◆ Your task: Since pictures do not belong in the copy, please repeat every record below exactly without them.

───── Given entries ─────

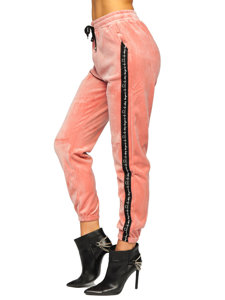 Rožinės moteriškos veliūrinės sportinės kelnės Bolf CYF56NM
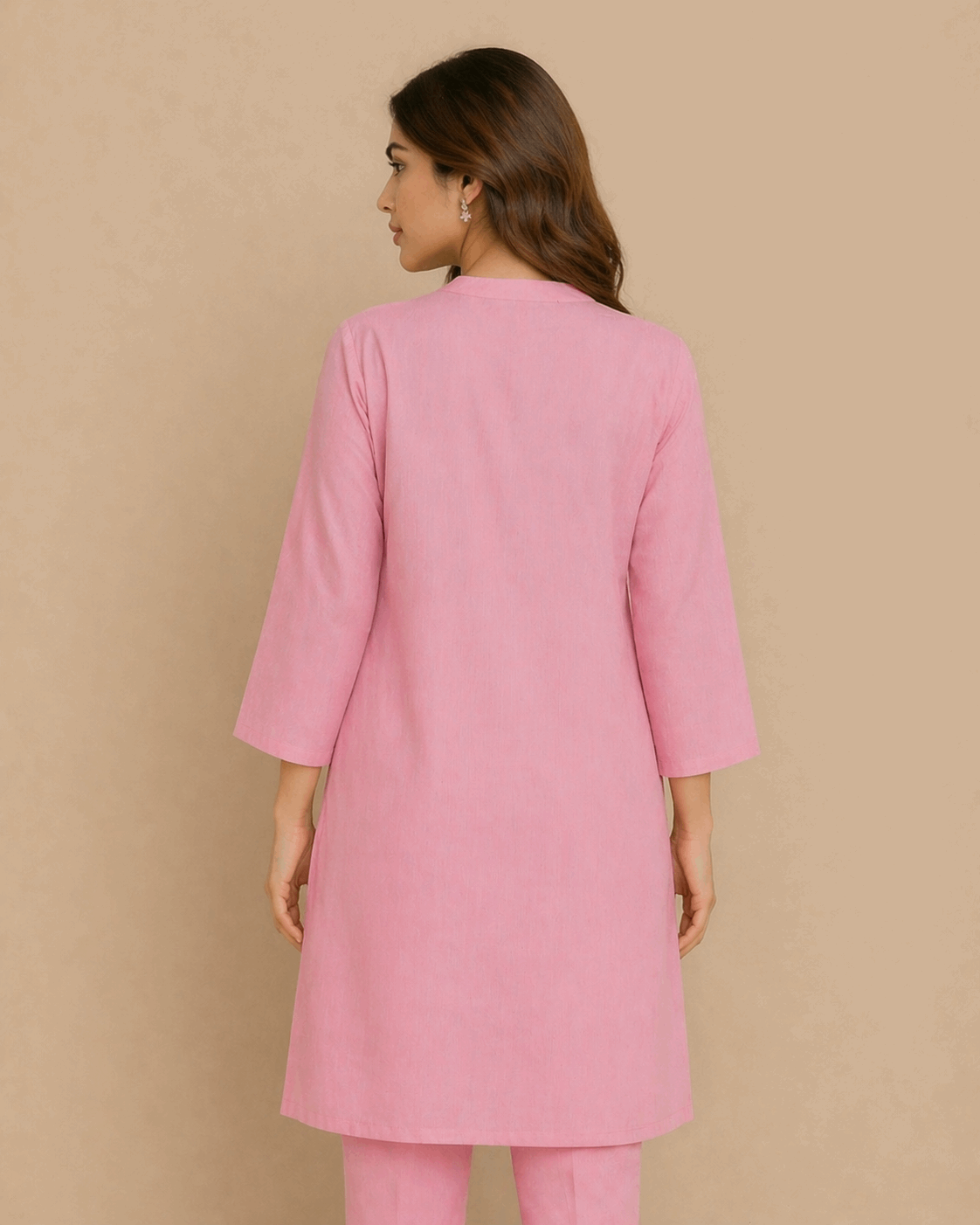 Daisy Floral Embroidered Cotton Kurta Soft Pink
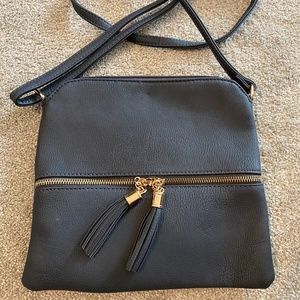 Black Cross Body Bag Polyurethane, Unknown Brand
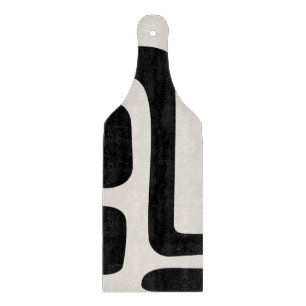 Ivory and Black Abstract Glass Cutting Board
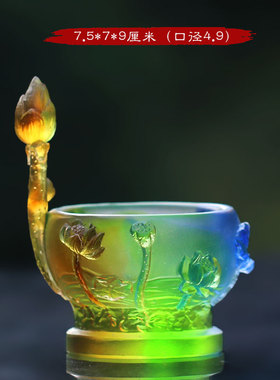 真琉璃浮雕莲花烛台摆件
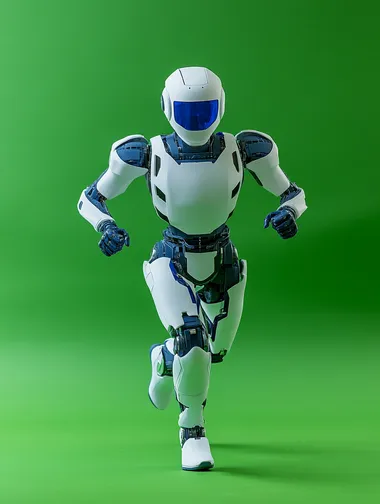 A robot with white and blue body colors, full body photo, facing the camera, running posture, running towards the camera, with a pure green background
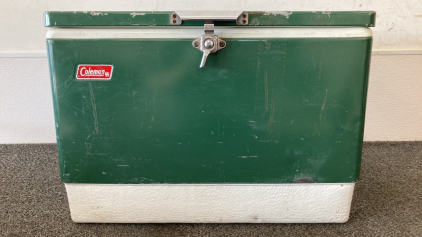 Vintage Coleman Metal And Plastic Cooler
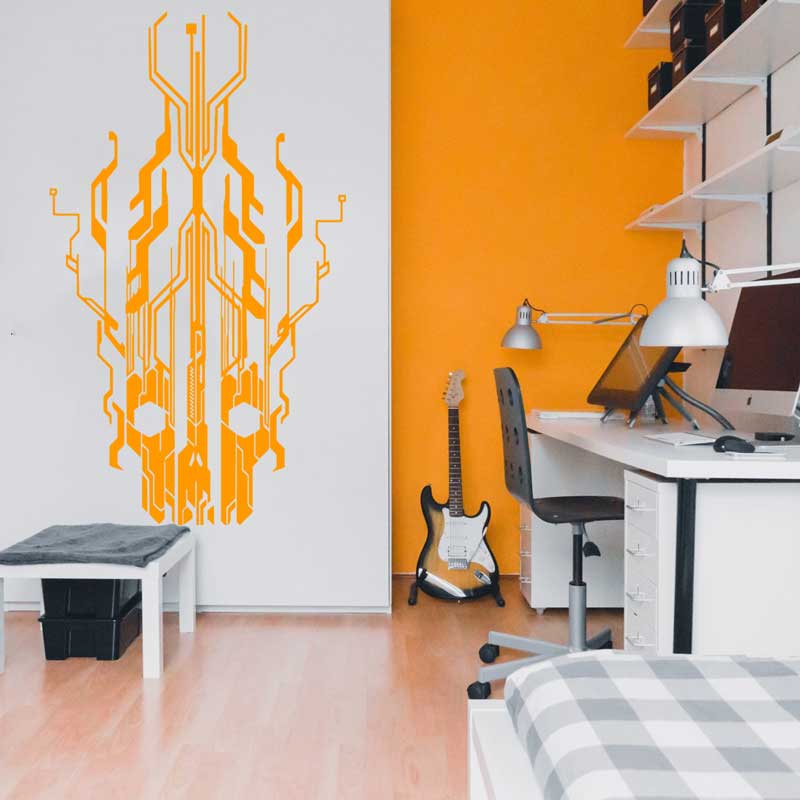 Chip Circuit Tech Skull Vinyl  - Tech Office Wall 评论和价格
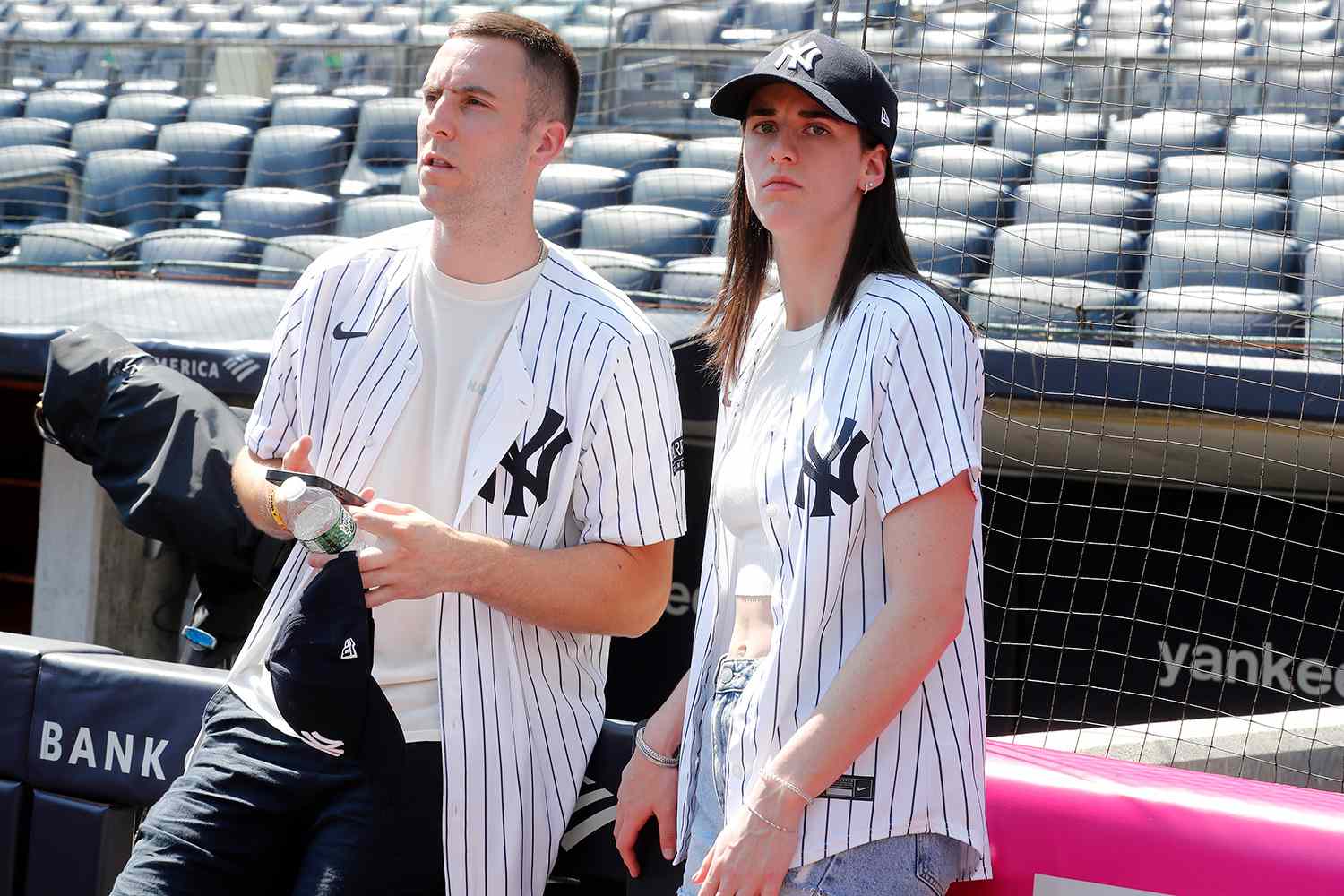 Caitlin Clark and Boyfriend Connor McCaffery Attend Yankees Game, Play Catch with the Team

─────

◆ Output below:
 Rožinės moteriškos veliūrinės sportinės kelnės Bolf CYF56NM
 Daisy Floral Embroidered Cotton Kurta Soft Pink
 Black Cross Body Bag Polyurethane, Unknown Brand
 Ivory and Black Abstract Glass Cutting Board
 真琉璃浮雕莲花烛台摆件
 A robot with white and blue body colors, full body photo, facing the camera, running posture, running towards the camera, with a pure green background
 Vintage Coleman Metal And Plastic Cooler
 Chip Circuit Tech Skull Vinyl  - Tech Office Wall 评论和价格
 Caitlin Clark and Boyfriend Connor McCaffery Attend Yankees Game, Play Catch with the Team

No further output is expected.